-- RECORDED INFORMATION follows --

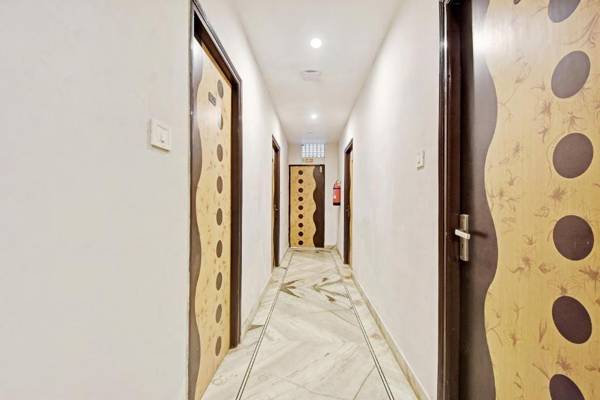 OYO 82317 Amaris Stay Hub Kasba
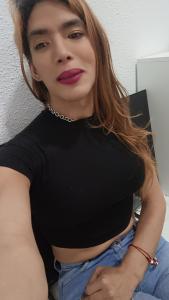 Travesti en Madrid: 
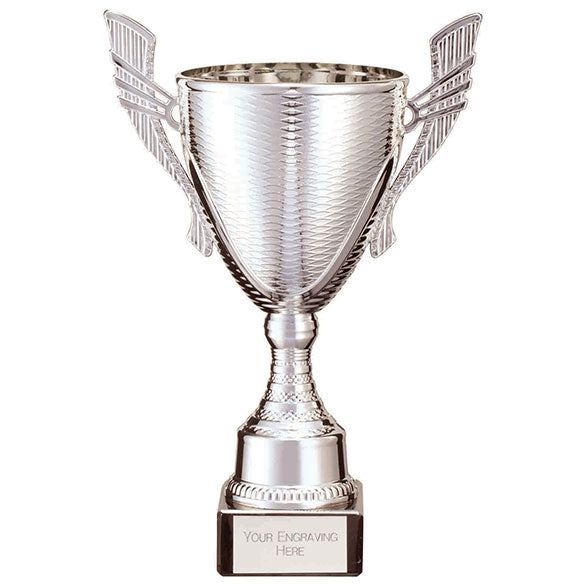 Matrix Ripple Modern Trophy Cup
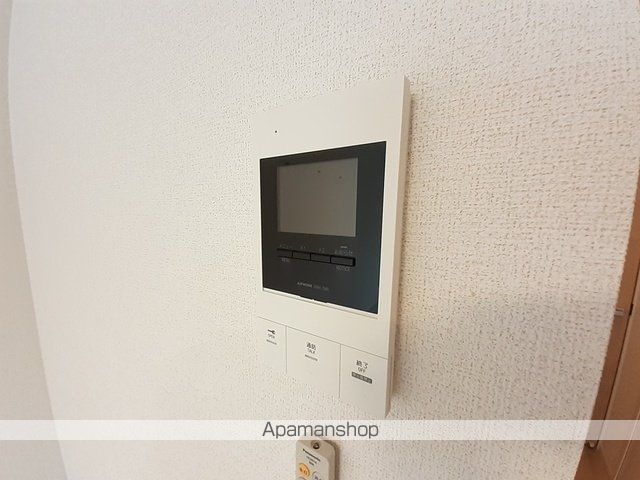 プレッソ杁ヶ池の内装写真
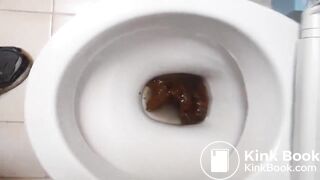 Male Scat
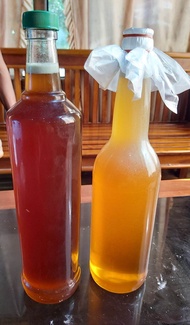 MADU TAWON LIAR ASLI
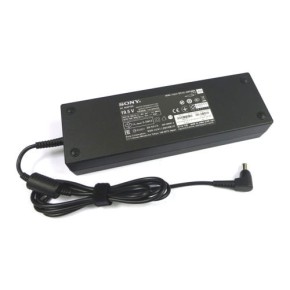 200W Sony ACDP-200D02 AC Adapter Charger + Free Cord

-- RECORDED INFORMATION concluded --

A faithful reproduction of every entry, with no pictures, is the expected answer.

 OYO 82317 Amaris Stay Hub Kasba
 Travesti en Madrid: 
 Matrix Ripple Modern Trophy Cup
 プレッソ杁ヶ池の内装写真
 Male Scat
 MADU TAWON LIAR ASLI
 200W Sony ACDP-200D02 AC Adapter Charger + Free Cord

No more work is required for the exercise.